Helen miró fijamente a su hija. Parecía consternada, y Billy vio, comprendió de repente, que su enfado sólo había sido un disfraz, algo a lo que aferrarse. Que saber lo cerca que había estado Madden de la muerte esa tarde había hecho hervir sus emociones, empujándola al filo de la locura. Con un esfuerzo tremendo se repuso ahora para decir:

—¿Porque es nuestro amigo? —Contempló a la pequeña figura ante ella, como si estuviera perpleja. Una sonrisa afloró a sus labios—. Pues claro que lo es. Y gracias por recordármelo, cariño. Te prometo no volver a ser mala.

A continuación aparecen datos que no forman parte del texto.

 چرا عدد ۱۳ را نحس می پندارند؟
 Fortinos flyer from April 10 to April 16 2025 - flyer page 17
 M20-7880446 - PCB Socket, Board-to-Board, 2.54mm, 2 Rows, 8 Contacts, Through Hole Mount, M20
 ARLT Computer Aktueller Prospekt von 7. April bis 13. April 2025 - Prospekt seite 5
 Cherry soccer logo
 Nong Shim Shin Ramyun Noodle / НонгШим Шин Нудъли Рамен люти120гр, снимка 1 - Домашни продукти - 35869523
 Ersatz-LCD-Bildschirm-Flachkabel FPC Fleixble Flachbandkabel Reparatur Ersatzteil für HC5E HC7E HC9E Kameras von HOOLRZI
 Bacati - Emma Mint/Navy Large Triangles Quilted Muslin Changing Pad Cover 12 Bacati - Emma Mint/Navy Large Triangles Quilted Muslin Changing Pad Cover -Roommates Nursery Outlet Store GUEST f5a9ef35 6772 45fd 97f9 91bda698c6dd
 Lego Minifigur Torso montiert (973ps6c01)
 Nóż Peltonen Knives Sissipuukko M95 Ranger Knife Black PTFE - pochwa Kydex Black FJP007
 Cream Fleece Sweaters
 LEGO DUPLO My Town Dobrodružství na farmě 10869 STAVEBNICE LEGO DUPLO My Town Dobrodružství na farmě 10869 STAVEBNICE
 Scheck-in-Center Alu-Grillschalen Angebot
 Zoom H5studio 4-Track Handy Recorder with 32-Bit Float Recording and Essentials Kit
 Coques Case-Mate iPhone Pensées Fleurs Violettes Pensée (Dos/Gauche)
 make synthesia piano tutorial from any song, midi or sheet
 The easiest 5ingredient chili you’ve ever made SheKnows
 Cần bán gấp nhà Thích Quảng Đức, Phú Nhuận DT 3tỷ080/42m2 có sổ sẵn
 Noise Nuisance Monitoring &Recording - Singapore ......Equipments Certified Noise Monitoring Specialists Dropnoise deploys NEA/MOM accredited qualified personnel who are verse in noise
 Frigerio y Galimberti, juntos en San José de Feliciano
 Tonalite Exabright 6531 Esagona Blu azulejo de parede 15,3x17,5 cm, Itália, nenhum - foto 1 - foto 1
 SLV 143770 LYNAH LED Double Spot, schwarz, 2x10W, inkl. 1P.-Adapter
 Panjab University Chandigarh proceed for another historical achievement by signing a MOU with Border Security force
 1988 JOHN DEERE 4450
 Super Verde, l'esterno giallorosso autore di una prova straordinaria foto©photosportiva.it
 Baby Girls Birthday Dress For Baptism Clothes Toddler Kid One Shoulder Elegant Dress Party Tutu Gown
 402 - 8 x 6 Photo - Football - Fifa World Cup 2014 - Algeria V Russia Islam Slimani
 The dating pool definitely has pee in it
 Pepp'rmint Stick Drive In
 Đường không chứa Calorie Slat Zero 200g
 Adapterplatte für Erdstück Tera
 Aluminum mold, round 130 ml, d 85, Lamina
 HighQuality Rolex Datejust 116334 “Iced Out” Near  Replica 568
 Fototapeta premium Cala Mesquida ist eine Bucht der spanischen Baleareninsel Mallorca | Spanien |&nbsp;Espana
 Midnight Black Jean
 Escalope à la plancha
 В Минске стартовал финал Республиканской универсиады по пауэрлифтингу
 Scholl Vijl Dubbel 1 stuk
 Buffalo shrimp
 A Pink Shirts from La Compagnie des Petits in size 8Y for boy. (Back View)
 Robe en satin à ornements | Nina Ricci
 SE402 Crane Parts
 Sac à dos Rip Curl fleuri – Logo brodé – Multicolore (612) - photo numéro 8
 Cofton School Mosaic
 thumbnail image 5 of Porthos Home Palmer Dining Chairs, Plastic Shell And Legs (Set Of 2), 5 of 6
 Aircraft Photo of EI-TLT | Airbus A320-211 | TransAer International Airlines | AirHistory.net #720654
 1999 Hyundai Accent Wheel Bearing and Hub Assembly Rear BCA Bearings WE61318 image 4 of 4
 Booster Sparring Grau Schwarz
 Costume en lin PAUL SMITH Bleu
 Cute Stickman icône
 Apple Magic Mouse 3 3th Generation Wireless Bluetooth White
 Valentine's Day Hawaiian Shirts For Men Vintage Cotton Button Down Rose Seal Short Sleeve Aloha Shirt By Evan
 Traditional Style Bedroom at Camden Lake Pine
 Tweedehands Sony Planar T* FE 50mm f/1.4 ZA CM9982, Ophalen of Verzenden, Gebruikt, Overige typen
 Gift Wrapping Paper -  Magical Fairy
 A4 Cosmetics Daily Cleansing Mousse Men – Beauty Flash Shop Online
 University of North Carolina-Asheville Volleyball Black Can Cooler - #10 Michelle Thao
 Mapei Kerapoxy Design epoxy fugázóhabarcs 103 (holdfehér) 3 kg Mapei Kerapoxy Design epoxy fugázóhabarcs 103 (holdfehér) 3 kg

Se agachó y le dio un beso a la niña.

Al incorporarse, Billy vio que las lágrimas habían empezado a rodarle por las mejillas. Madden ya se había levantado y acudió junto a ella de inmediato. Abrazándola, la apartó de la mesa y se quedaron juntos, sin hablar, aferrados el uno al otro tan estrechamente que podrían haber pasado por una sola persona.

Con los ojos como platos, Lucy miró a Billy en busca de una explicación. El sargento se llevó un dedo a los labios.

—Vayamos arriba —le susurró al oído; cogidos de la mano, de puntillas, salieron juntos de la cocina.